In other languages, like C++, this responsibility can be put on the compiler and standard library, and if we’re using language like JavaScript that has garbage collector, garbage collector will take care of memory deallocation. That means that depending on the language, certain responsibilities can be separated from our main logic.

This is not 0 or 1 case, true or false case, where responsibility is separated or not. As those who know C can confirm, on one end of the spectrum is allocating data structure and initializing it in some loop right there in the function, and then releasing it at the end, and on the other is having some of that done by special destructor functions.

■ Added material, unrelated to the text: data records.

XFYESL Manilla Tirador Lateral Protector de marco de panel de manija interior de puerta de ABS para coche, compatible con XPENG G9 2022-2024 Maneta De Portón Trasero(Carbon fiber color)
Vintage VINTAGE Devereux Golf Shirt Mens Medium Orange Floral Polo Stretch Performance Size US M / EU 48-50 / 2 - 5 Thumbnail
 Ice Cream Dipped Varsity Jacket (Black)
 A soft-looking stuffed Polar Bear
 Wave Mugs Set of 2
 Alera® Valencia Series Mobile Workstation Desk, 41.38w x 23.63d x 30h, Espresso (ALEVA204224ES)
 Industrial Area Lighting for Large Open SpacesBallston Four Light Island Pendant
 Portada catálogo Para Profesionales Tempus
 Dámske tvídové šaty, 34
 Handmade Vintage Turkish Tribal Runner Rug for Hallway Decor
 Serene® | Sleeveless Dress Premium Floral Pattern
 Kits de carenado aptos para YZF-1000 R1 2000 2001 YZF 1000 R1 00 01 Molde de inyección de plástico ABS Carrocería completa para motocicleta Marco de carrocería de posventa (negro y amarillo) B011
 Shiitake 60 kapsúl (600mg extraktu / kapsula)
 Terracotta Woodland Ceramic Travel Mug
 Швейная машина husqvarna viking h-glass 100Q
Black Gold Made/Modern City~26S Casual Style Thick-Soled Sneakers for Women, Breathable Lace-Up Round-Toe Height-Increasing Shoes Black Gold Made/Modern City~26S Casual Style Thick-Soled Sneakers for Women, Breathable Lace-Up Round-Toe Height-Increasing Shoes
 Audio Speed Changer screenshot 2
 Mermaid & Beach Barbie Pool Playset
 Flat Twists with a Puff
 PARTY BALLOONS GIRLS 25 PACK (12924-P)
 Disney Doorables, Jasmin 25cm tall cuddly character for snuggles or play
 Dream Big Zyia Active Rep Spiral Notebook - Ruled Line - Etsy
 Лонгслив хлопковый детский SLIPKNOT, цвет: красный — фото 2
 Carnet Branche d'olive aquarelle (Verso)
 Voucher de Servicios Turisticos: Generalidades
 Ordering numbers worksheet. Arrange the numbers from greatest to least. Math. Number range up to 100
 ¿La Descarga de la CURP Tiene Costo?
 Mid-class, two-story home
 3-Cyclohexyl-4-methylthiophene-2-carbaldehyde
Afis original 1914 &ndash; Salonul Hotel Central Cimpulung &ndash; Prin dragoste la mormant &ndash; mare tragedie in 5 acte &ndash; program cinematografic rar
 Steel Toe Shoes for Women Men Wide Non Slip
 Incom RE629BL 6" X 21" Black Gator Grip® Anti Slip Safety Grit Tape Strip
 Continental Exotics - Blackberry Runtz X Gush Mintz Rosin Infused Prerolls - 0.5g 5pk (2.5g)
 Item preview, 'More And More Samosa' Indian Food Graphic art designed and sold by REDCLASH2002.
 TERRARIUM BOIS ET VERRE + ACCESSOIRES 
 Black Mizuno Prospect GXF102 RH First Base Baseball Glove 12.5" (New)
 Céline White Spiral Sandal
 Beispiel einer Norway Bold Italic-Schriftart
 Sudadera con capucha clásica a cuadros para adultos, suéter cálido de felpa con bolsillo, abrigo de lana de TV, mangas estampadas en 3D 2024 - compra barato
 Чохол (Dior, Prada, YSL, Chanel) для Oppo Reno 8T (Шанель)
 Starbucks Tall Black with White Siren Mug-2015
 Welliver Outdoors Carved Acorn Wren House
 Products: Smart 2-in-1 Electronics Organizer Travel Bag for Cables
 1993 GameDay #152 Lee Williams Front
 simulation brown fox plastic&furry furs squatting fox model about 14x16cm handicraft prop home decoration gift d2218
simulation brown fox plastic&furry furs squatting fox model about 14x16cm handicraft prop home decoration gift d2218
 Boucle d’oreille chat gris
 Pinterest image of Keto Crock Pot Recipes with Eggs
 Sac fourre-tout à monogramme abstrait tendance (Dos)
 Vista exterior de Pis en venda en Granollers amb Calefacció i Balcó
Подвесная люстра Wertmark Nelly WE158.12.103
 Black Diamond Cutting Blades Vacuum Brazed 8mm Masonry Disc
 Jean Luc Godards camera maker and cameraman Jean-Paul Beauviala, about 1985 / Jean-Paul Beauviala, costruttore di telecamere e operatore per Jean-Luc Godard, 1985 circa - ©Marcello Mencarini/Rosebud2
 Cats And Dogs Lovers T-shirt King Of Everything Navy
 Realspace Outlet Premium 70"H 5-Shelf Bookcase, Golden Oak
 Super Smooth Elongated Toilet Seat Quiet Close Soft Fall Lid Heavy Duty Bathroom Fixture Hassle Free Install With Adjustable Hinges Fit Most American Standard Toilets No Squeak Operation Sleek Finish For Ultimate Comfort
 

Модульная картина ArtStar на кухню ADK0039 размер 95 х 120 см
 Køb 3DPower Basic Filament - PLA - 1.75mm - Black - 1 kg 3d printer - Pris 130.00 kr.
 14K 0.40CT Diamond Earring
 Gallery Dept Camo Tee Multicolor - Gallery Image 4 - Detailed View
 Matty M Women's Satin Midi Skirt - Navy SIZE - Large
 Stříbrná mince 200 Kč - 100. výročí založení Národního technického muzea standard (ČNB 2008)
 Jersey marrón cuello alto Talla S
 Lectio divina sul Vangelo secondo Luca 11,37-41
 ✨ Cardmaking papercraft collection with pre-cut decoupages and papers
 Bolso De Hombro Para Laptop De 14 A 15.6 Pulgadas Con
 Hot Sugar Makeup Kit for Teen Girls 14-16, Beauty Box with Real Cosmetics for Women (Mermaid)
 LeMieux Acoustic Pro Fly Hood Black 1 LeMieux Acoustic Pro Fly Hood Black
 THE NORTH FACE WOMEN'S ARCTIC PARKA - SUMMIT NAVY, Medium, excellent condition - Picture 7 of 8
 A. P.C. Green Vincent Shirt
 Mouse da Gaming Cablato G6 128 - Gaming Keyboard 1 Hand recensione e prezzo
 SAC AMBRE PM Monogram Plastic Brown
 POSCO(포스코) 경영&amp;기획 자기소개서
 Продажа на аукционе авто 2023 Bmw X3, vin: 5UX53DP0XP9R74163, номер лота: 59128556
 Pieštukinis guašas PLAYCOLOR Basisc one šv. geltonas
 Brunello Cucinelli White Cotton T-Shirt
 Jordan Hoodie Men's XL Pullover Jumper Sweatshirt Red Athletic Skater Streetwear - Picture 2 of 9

Let’s look at the full example.

struct bucket {
  int key;
  int value;
  struct bucket* next;
};

int most_frequent(int numbers[], int length) {
  struct bucket* hash_table = calloc(257, sizeof(struct bucket));

  // Run the algorithm and obtain the result.
  // Count all occurences.
  for (int i = 0; i < length; ++i) {
  	int hash = (unsigned int)(numbers[i]) % 257;
  	if (hash_table[hash].value == 0 || hash_table[hash].key == numbers[i]) {
  		hash_table[hash].key = numbers[i];
  		hash_table[hash].value++;
  	} else {
  		struct bucket* prev_b = &hash_table[hash];
  		struct bucket* b = hash_table[hash].next;
  		while (b) {
  			if (b->key == numbers[i]) {
  				b->value++;
  				break;
  			}
  			prev_b = b;
  			b = b->next;
  		}

  		if (!b) {
  			prev_b->next = calloc(1, sizeof(struct bucket));
  			b = prev_b->next;
  			b->key = numbers[i];
  			b->value = 1;
  		}
  	}
  }

  // Find max count.
  int maxCount = 0;
  int result = 0;
  for (int i = 0; i < 257; ++i) {
  	if (hash_table[i].value > 0) {
  		struct bucket* b = &hash_table[i];
  		while (b) {
  			if (b->value > maxCount) {
  				maxCount = b->value;
  				result = b->key;
  			}
  			b = b->next;
  		}
  	}
  }


  // Free hash table.
  for (int i = 0; i < 257; ++i) {
    struct bucket* b = hash_table[i].next;
    while (b) {
      struct bucket* t = b;
      b = b->next;
      free(t);
    }
  }
  free(hash_table);

  return result;
}

This code is not ideal in many aspects, but we can ignore small things like using a hard-coded length for the hash table (257), and things like that because it basically works, and we want to focus on something else.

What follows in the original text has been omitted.